Parachat Béhaaloté’ha, La volonté d’accomplir

 

La volonté d’accomplir

Dans le
domaine spirituel, D.ieu observe notre volonté et notre
ambition intrinsèques. Et c’est en fonction de cette
volonté qu’Il nous accorde tous les moyens pour
réussir.

Tout au
début de la paracha, on nous parle de la
mitsva relative au Candélabre (la
ménora), concernant en particulier la tribu de
Lévy, les descendants d’Aaron, le frère de
Moïse. Pourquoi parler à nouveau de cette
mitsva, déjà prescrite dans la paracha
de Tetsavé, dans Chemoth, le deuxième livre de la
Torah?

Parce
qu’à la fin de la parachaqui
précède celle de Nasso, on nous cite
l’inauguration de l’Autel Saint
(‘hanoukathhamisbéa’h), au cours
de laquelle les représentants de toutes les tribus venaient
offrir des offrandes à D.ieu.

Le Midrach nous
raconte qu’Aaron hacohen ressentit à cette
occasion une grande

tristesse, un
profond regret. En effet, ni lui, ni aucun représentant de
sa tribu n’avait été désigné pour
participer à cette fête. D.ieu s’adressa alors
à lui : « Tu sembles triste de n’avoir pas
été associé à cette
réjouissance.
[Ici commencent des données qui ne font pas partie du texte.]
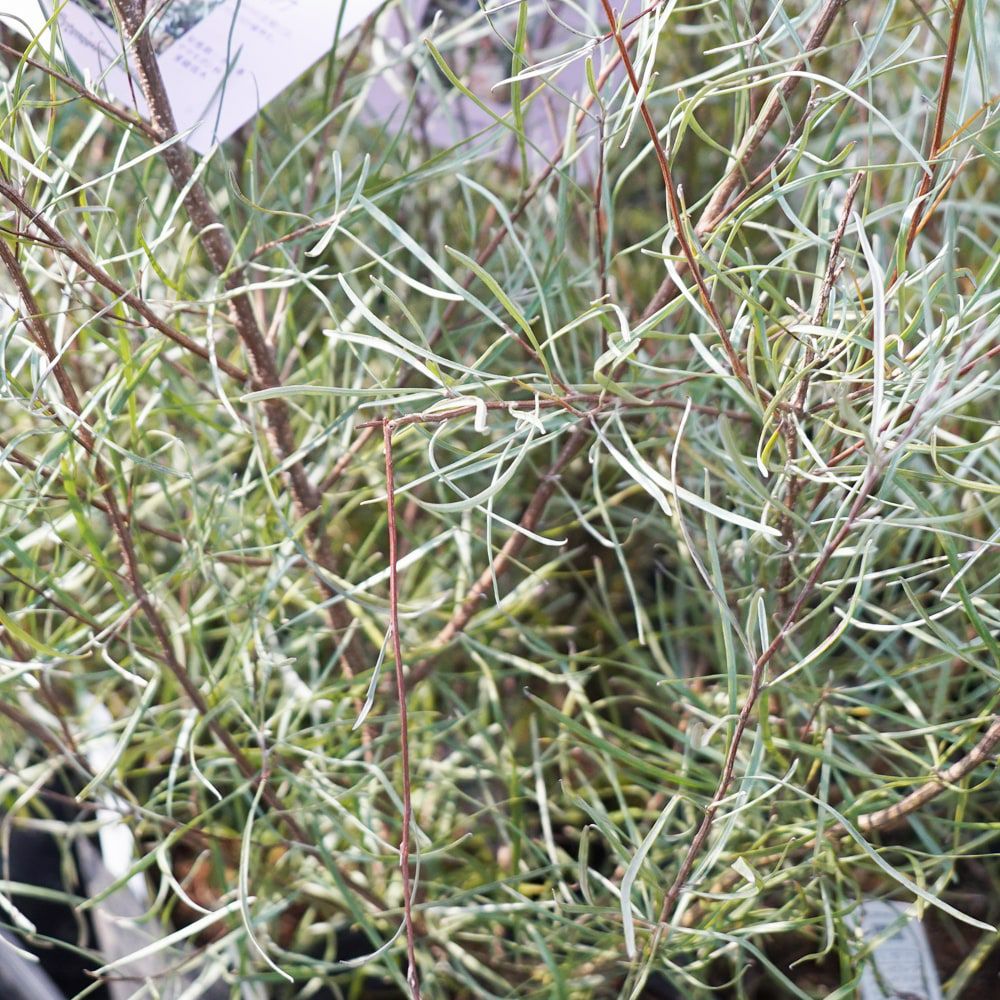 000000095376-03.jpg?size=l&w=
Mais Je te réserve mieux : la
lumière du Candélabre (la ménora)
» (Tan’houma Beaalote’ha 5).

La
promesse faite à Aaron

Selon le
commentaire de Na’hmanide (Nombres 8 ; 2), cette promesse
divine faite à Aaron ne concerne pas seulement le
Candélabre, qui avait une fonction seulement durant la
période du Temple (le Beith hamikdach), mais elle
fait également allusion à une autre consolation pour
Aaron, alors même que le temple ne sera pas encore
reconstruit : ce sera l’un de ses descendants qui sera le
héros de l’épisode avec les Asmonéens,
commémoré par la fête de ‘Hanoucca.

Qu’apprenons-nous de ce Midrach ?

Une idée
que l’on retrouve à différents endroits dans la
Torah. Notamment lorsque les filles de Tsélof’hade
demandèrent un droit à l’héritage :
« Pourquoi n’aurions-nous pas, comme les autres
Bné-Israël, une part en
Erets-Israël, en terre sainte ? » (Nombres 27 ;
4). Et D.ieu la leur accorda. Ou bien encore lorsque ceux qui
avaient été rendus impurs au contact d’un mort,
et qui n’avaient donc pas pu célébrer la
fête de Pessa’h, demandèrent une session de
rattrapage (cf. Nombres 9 ; 7). Là encore, D.ieu leur offrit
le Pessa’h chéni, le deuxième volet de
Pessa’h, un mois plus tard.

Et
toutes les embûches tomberont

On apprend donc
ici une idée fondamentale : lorsqu’on veut
sincèrement faire les mitsvoth, rien ne peut nous en
enlever la possibilité. Que l’on soit une femme qui
réclame sa part d’héritage ; un homme
touché d’impureté voulant malgré tout
avoir le droit d’offrir des sacrifices ; ou bien encore
quelqu’un à qui D.ieu n’aurait pas donné
accès à une mitsva particulière, rien
ne peut nous enlever notre part à l’accomplissement
des commandements. Si on a l’ambition de bien faire, de
s’attacher à la volonté divine, toutes les
embûches tomberont.

Comme Il l’a
fait pour Aaron avec le Candélabre, pour les filles de
Tsélof’hade en leur offrant un terrain, ou encore pour
les hommes touchés d’impureté en leur donnant
la possibilité de manger du pain azyme un mois après
leurs frères, D.ieu donnera à chacun sa part dans les
mitsvoth.

Car il n’existe pas un homme à qui
D.ieu ne veut pas offrir la possibilité d’accomplir
une mitsva.

Que de ces
paroles, nous puissions prendre des forces, pour nous
reconnaître chacun en une mitsva particulière.
En s’y attachant, en la chérissant et en y apportant
tous nos soins, nous aurons la garantie de montrer à D.ieu
notre attachement à Ses commandements.